** Problem details **
Copy the data below exactly. Any pictures in it should be omitted.

** Information provided **
________

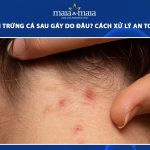 mụn trứng cá sau gáy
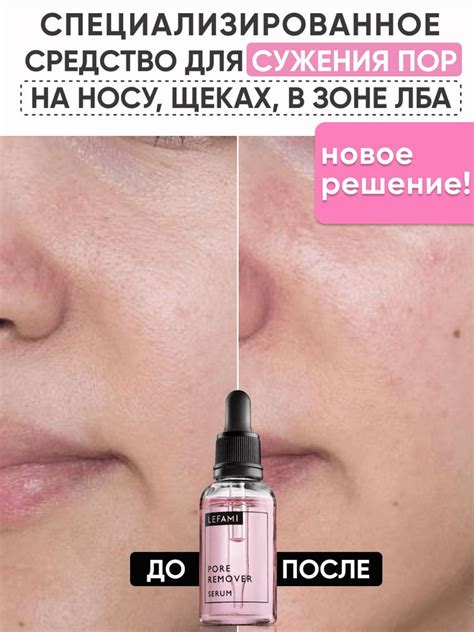 Сыворотка для очищения и сужения пор - купить с доставкой по выгодным ...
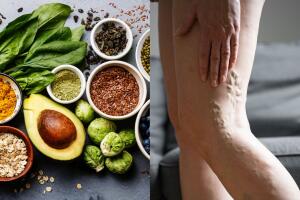 alimentos trombosis circulación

________

** Written response **
 mụn trứng cá sau gáy
 Сыворотка для очищения и сужения пор - купить с доставкой по выгодным ...
 alimentos trombosis circulación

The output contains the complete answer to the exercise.